* **YOUR GOAL**:
The reply should hold only the lines below beginning at the one with "path of removal and stabilize abutments" and ending at the one with "Bilateral frontal mucoceles", copied exactly, with every picture left out.

Brief descriptive captions:
□ □ □ □

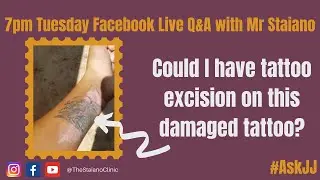 #ASKJJ - Could I have tattoo excision on this damaged tattoo?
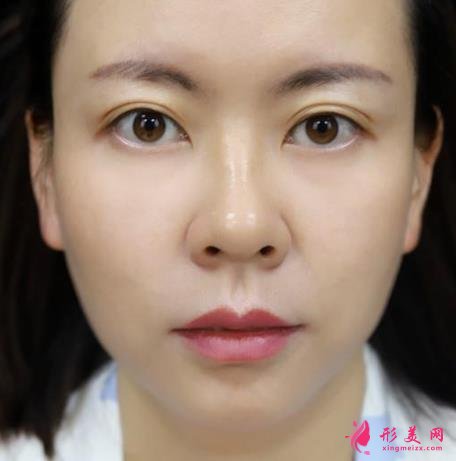 浙医二院整形科做热玛吉怎么样?专家案例、价格表清单一一尽显!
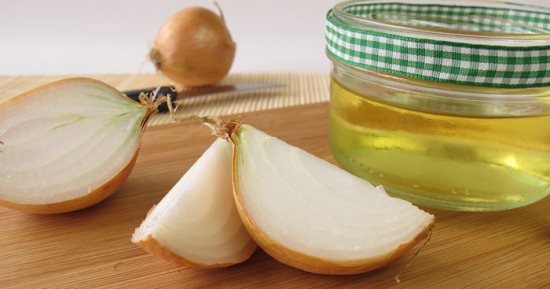 طرق مختلفة من عصير البصل للتخلص من قشرة الشعر.. بسيطة وسهلة 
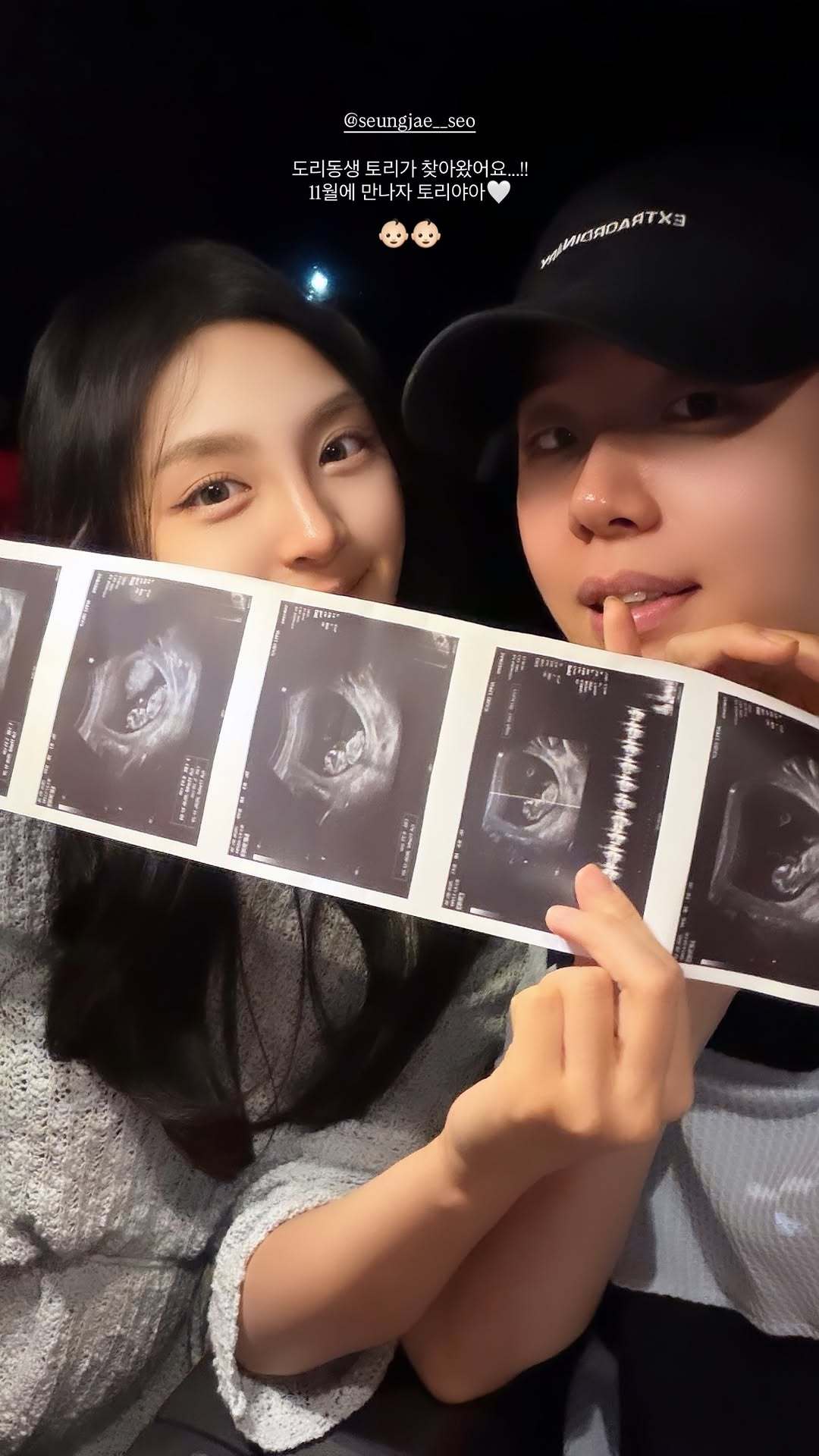 徐承宰与妻子官宣二胎，恭喜！羽毛球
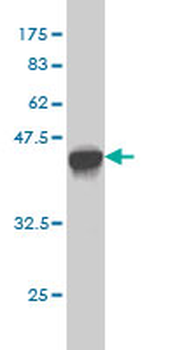 GAA monoclonal antibody (M01), clone 3C6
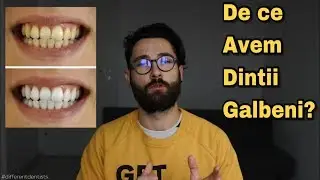 DE CE AVEM DINTII GALBENI? / Dentistry Hub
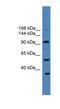 Ubiquitin Specific Peptidase 29 antibody, NBP1-79748, Novus Biologicals, Western Blot image 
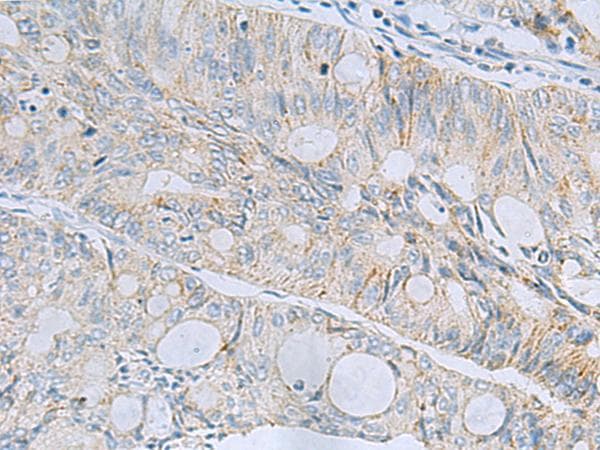 MSI2 Antibody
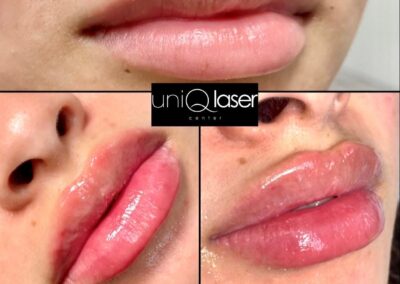 Restylane Kysse before and after photos by UniQ Laser Center in Canton, MA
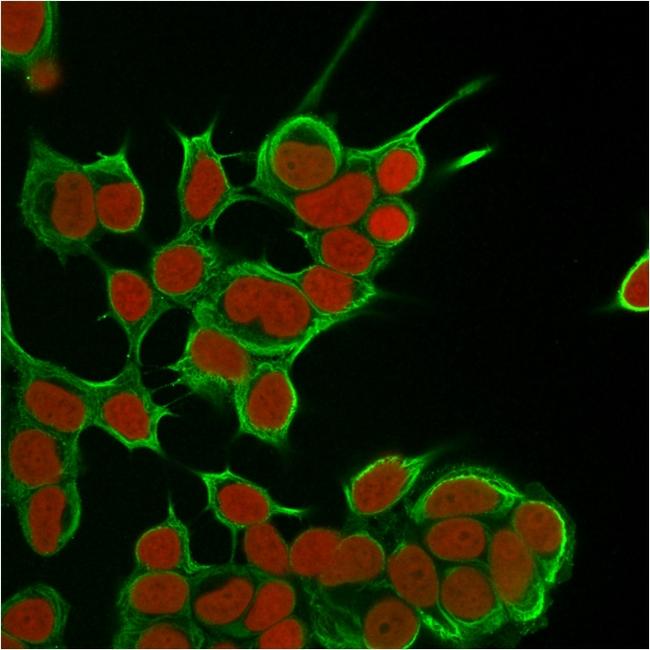 Cytokeratin 8 (KRT8) Antibody in Immunocytochemistry (ICC/IF)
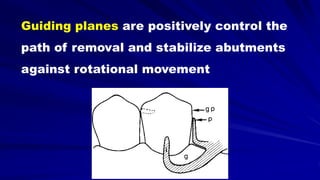 Guiding planes are positively control the
path of removal and stabilize abutments
against rotational movement
 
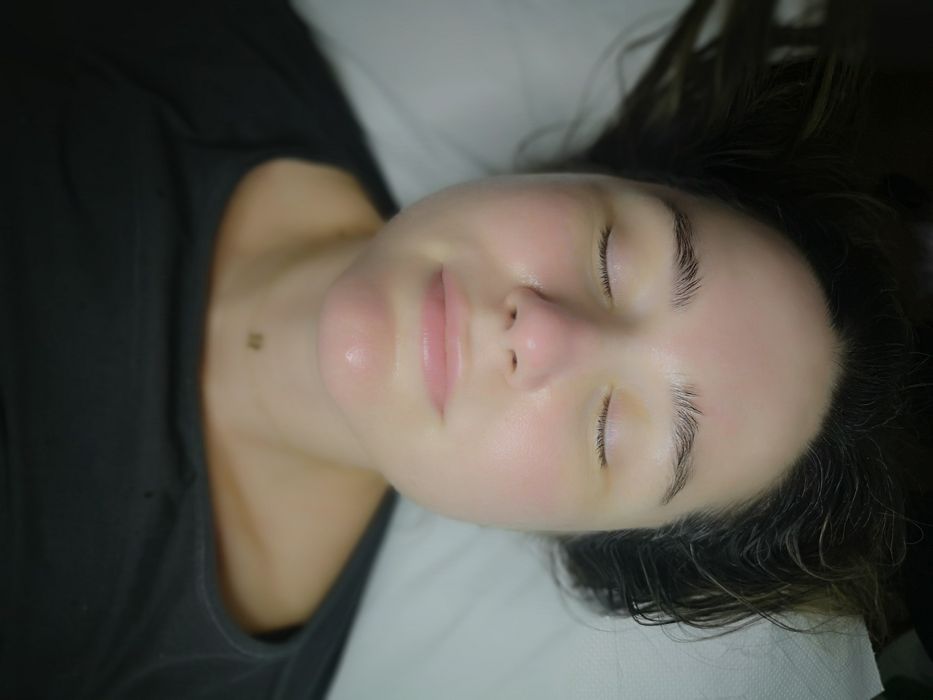 HydraFacial profesional – curățare profundă și hidratare intensă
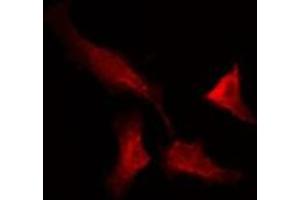 ABIN6275722 staining NIH-3T3 by IF/ICC. (ANKRD20A1 anticorps)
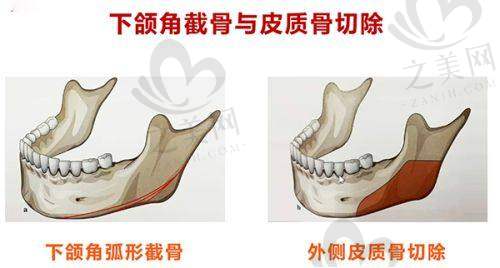 长沙希美轮廓固定的个性化选择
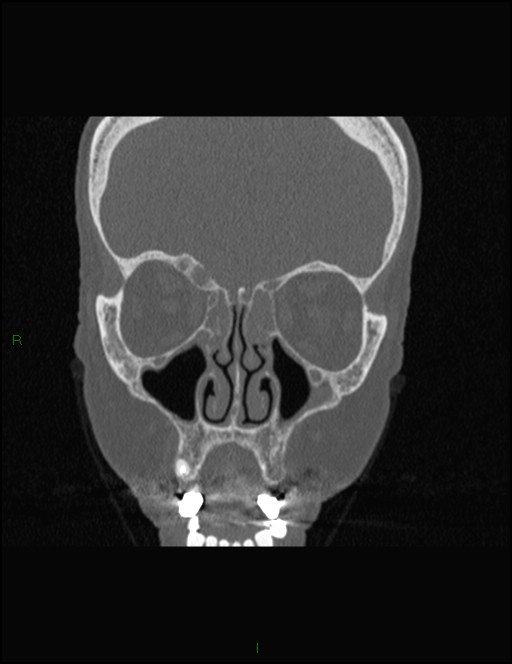 Bilateral frontal mucoceles (Radiopaedia 82352-96454 Coronal 125).jpg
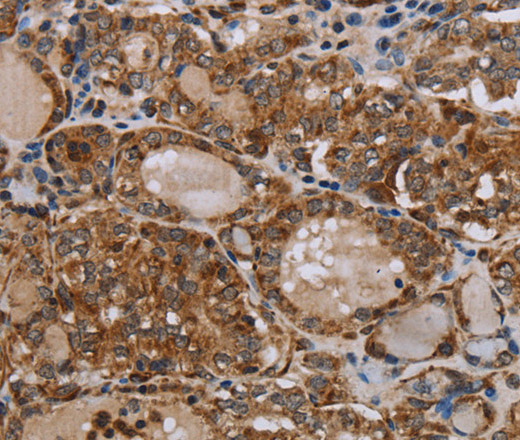 Immunohistochemistry of paraffin-embedded Human thyroid cancer tissue using MT-ND6 Polyclonal Antibody at dilution 1:40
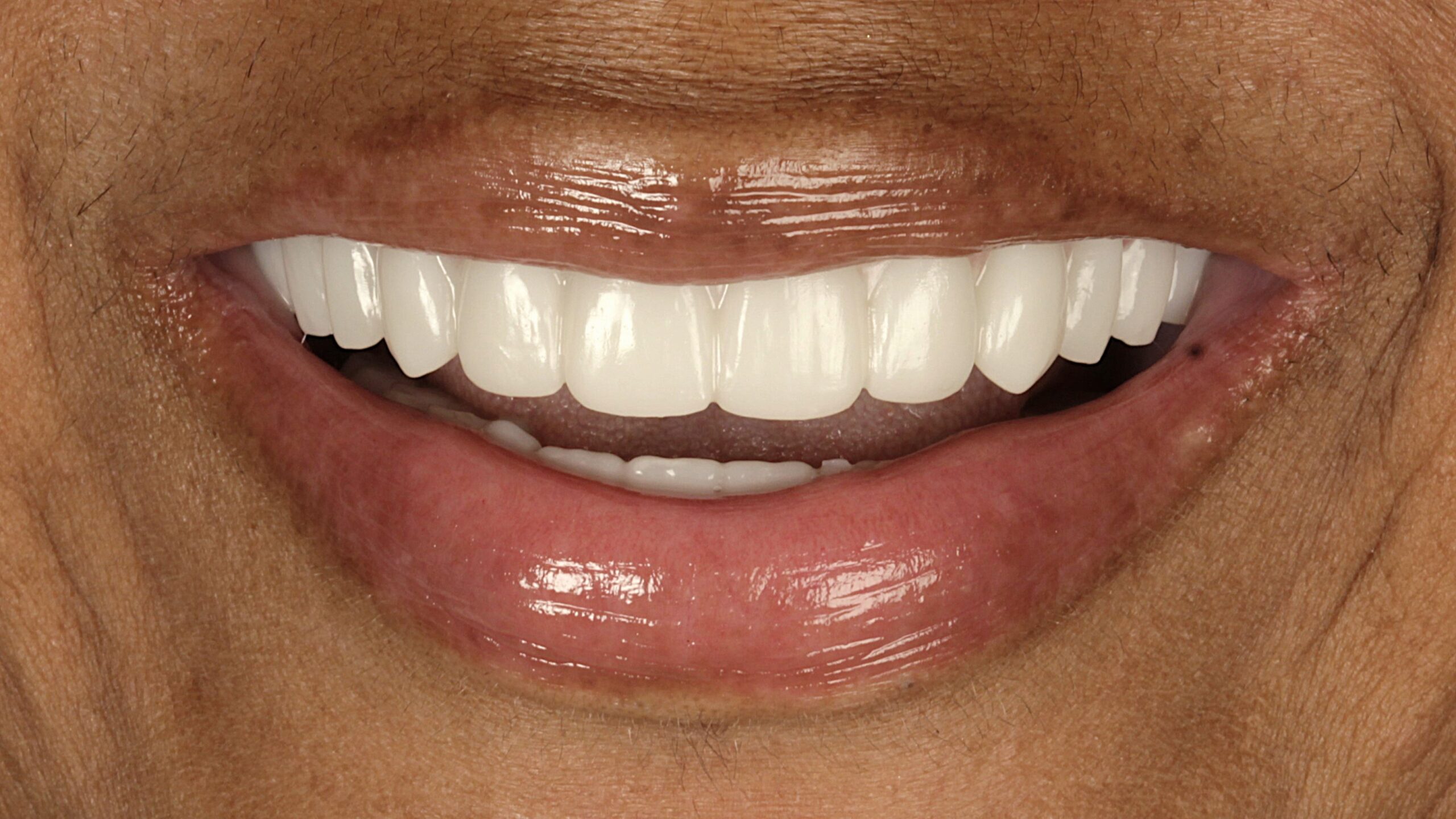 After: double arch case 22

□ □ □ □

* **WRITTEN ANSWER**:
path of removal and stabilize abutments
against rotational movement
 
 HydraFacial profesional – curățare profundă și hidratare intensă
 ABIN6275722 staining NIH-3T3 by IF/ICC. (ANKRD20A1 anticorps)
 长沙希美轮廓固定的个性化选择
 Bilateral frontal mucoceles (Radiopaedia 82352-96454 Coronal 125).jpg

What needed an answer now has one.